A second Spiritan priest accused by Mr Healy, Fr Arthur Carragher, died in Canada in January 2011. He taught at St Mary’s in 1969. In 2001 two brothers made abuse allegations against Fr Carragher but there is no extradition treaty between Ireland and Canada, where he then lived, and he successfully resisted being tried in Ireland. The priest later admitted abusing the brothers.

In 2000 Fr Moloney had been sentenced to 18 months’ imprisonment for sexually assaulting two other boys at St Mary’s in the early 1970s. He served 15 months. Moloney had been dean of discipline and junior form tutor at St Mary’s, where he also coached boys in rugby.

Moloney was ordained in 1967 and taught at St Mary’s between 1968 and 1973, following which he was transferred to the Spiritan/Holy Ghost Christ the King College in Bo, Sierra Leone.

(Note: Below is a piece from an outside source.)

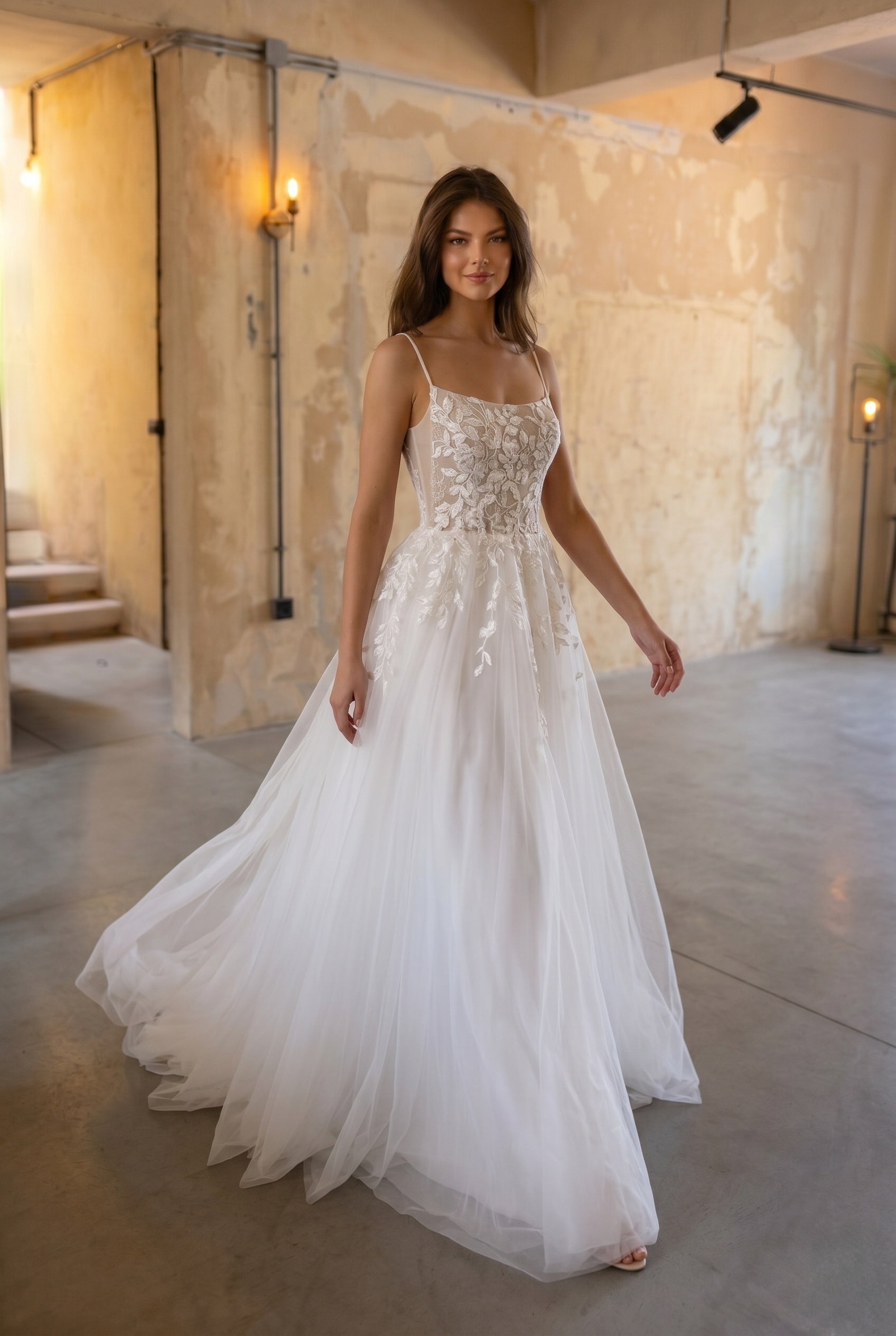Elegant A Line Sweep Brush Train Lace Tulle Wedding Dress Wedding Dress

In June 2012 Mr Healy told The Irish Times he had established by then that as many as 12 Holy Ghost/Spiritan priests had by then been accused of abuse, whether in Ireland or Africa.

In December 2015 Henry Moloney, by then 77 and still based at the Spiritans’ Kimmage Manor in Dublin, was sentenced to a four-year prison term for indecently assaulting a boy at Rockwell College in the 1980s. At the hearing in Clonmel Circuit Court he had denied all charges but was found guilty of seven counts of indecent assault, an eighth charge having been withdrawn.

The trial was told of a letter written last year by Moloney to Pope Francis, asking to be laicised, in which Moloney said: “I have greatly sinned over 10 years, from 1969 to 1979, in my abusing young boys,” and that “from 1980 to 1991 there were sporadic betrayals”. He was granted laicisation in October of 2014.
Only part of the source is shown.